* **TASK INSTRUCTIONS**: Only the lines from the one holding "Microsoft Privacy Management - NPO (NCE)" to the end of the data should be echoed, exactly as they appear, minus the pictures.

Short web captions
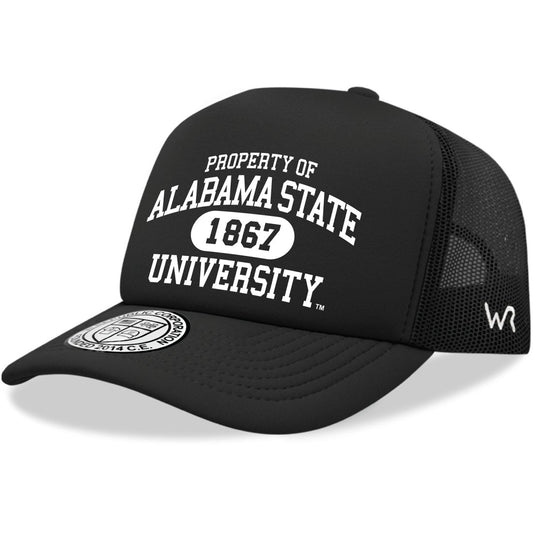 WOU Western Oregon University Wolves Property Foam Trucker Hats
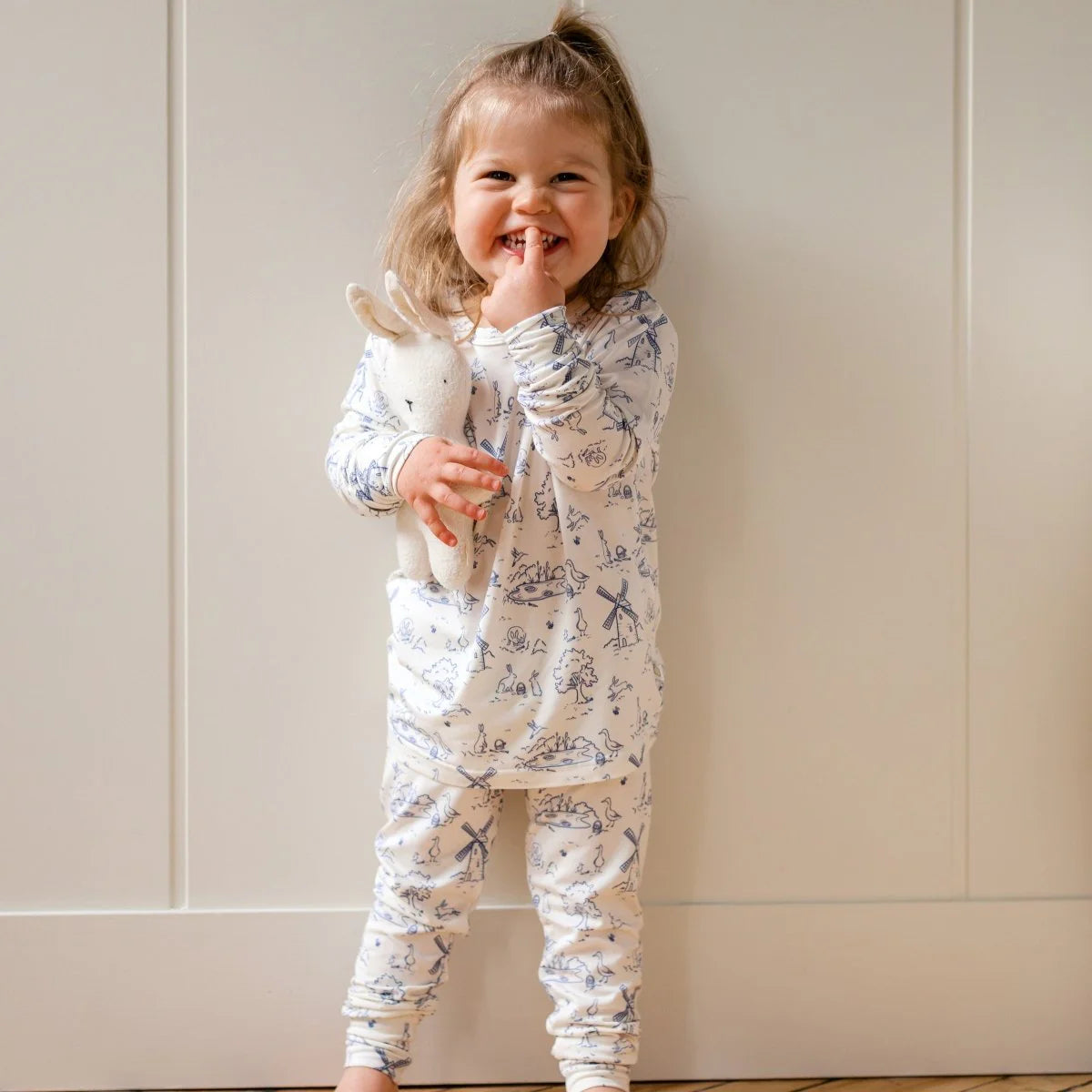 Spring Storybook Two-Piece PJs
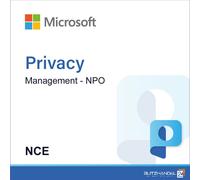 Microsoft Privacy Management - NPO (NCE)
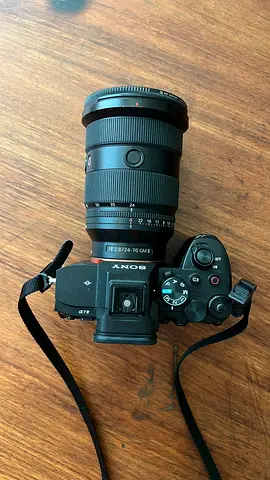 Sony 24-70mm 2.8 GMii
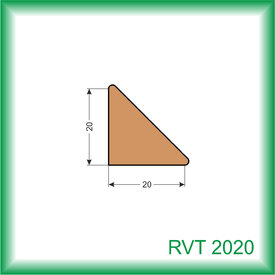Vnútorná rohová lišta - RVT2020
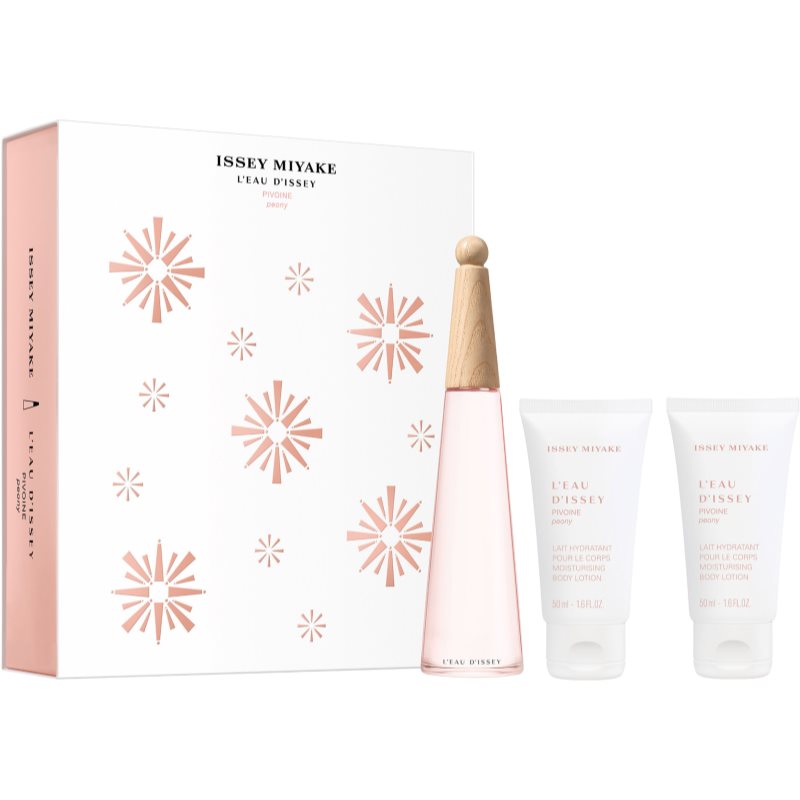 Issey Miyake L'Eau d'Issey Pivoine Eau de Toilette Intense Set σετ δώρου για γυναίκες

* **ANSWER BELOW**:
 Microsoft Privacy Management - NPO (NCE)
 Sony 24-70mm 2.8 GMii
Vnútorná rohová lišta - RVT2020
 Issey Miyake L'Eau d'Issey Pivoine Eau de Toilette Intense Set σετ δώρου για γυναίκες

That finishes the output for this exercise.